• [Directions]: At the line with "Historic Uptown Apartment", start transcribing; stop after the last line of the data below. Keep it exact and leave pictures out.

Segment Start: Data extract

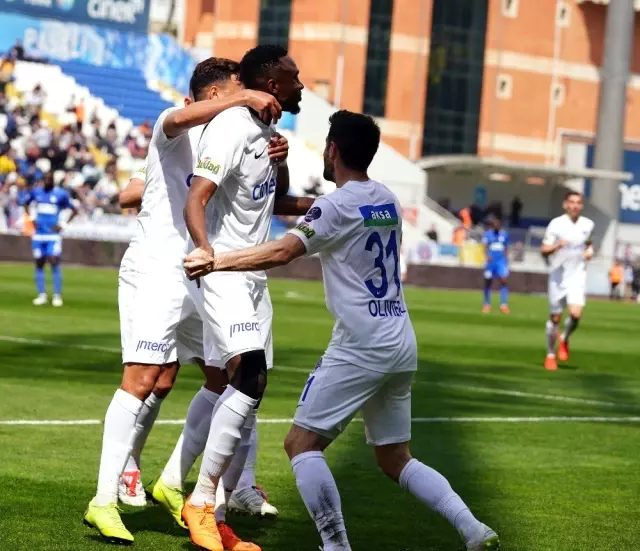 Spor Toto Süper Lig: Kasımpaşa: 1 - Bb Erzurumspor: 0 (İlk Yarı) Spor Toto Süper Lig: Kasımpaşa: 1 - Bb Erzurumspor: 0 (İlk Yarı)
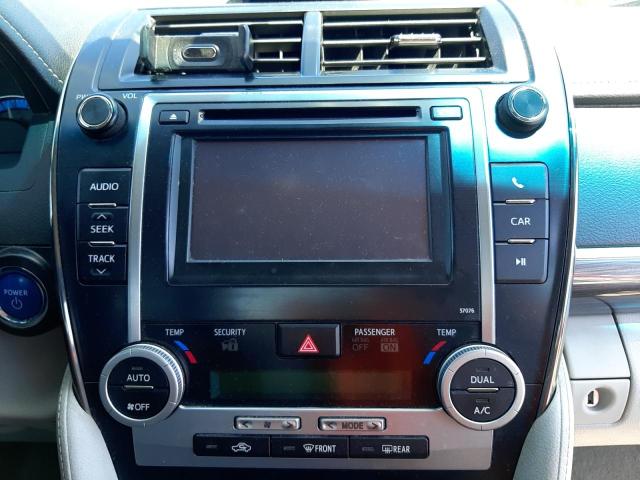 Photo 9 from auction – 2014 TOYOTA CAMRY HYBR with VIN 4T1BD1FK9EU097285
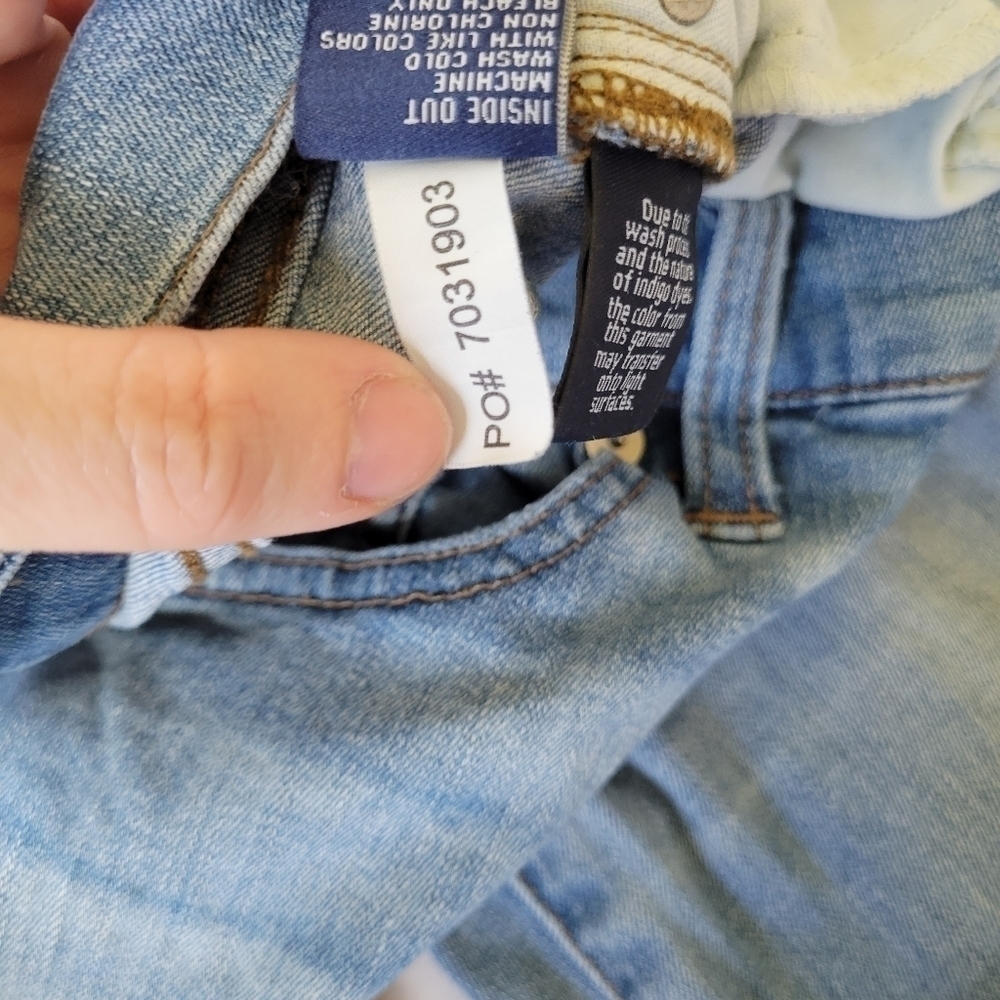 Madewell skinny skinny light wash jeans 27 - Picture 8 of 13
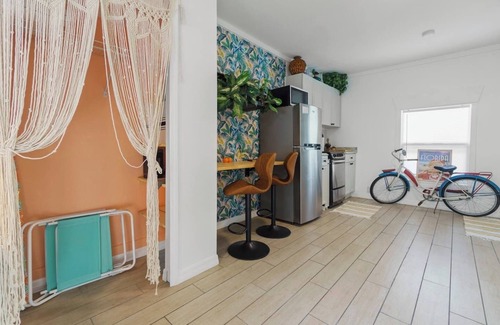 Historic Uptown Apartment | Walk score 82 - bikes - kayak - 214mbps - foam bed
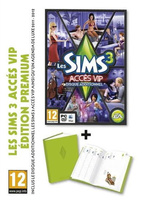 Les Sims 3: Accès VIP + Agenda Deluxe (Edition Premium) packshot box art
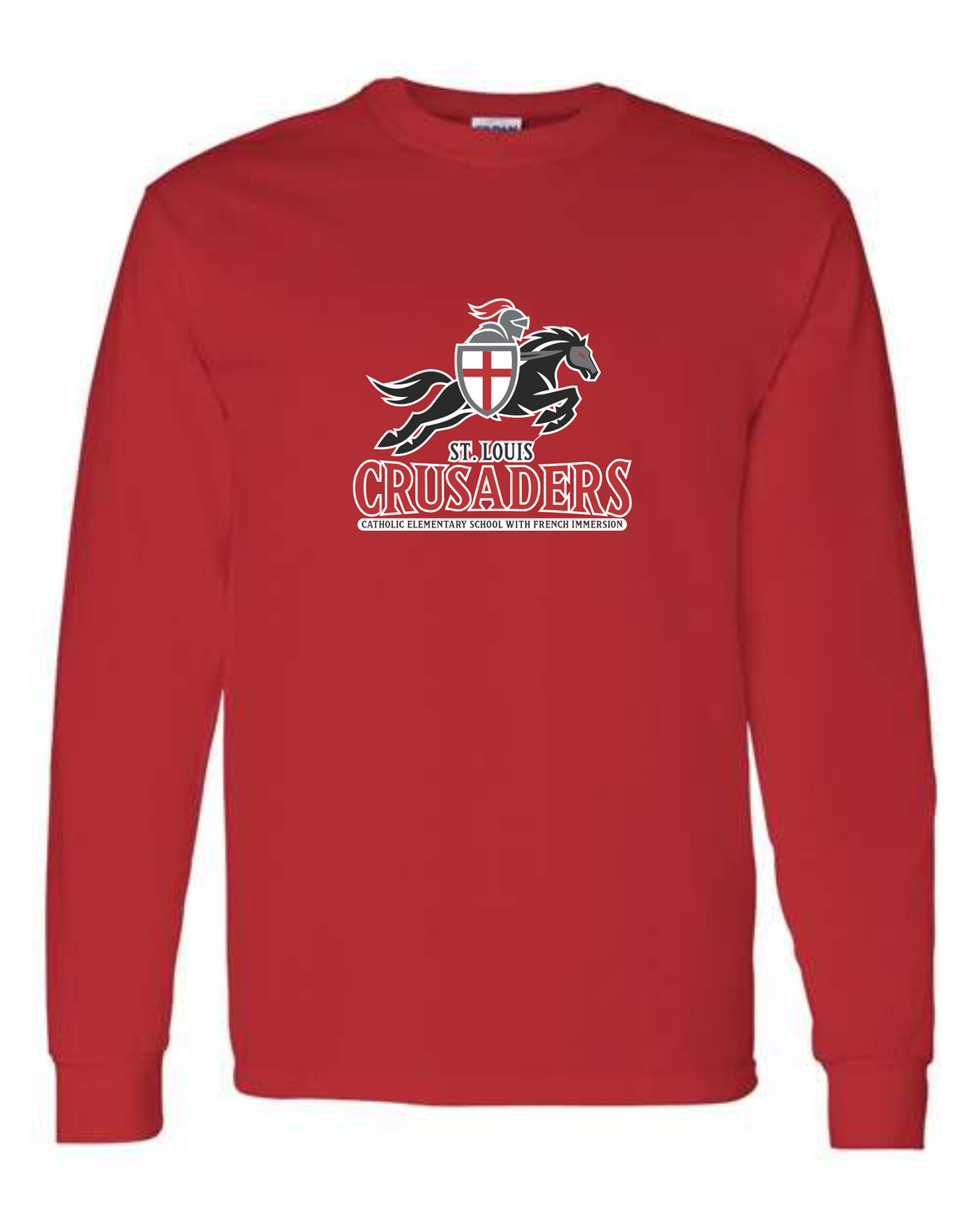 CRUSADERS - LONG SLEEVE COTTON TEE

Segment End: Data extract

• [Task output]:
 Historic Uptown Apartment | Walk score 82 - bikes - kayak - 214mbps - foam bed
 Les Sims 3: Accès VIP + Agenda Deluxe (Edition Premium) packshot box art
 CRUSADERS - LONG SLEEVE COTTON TEE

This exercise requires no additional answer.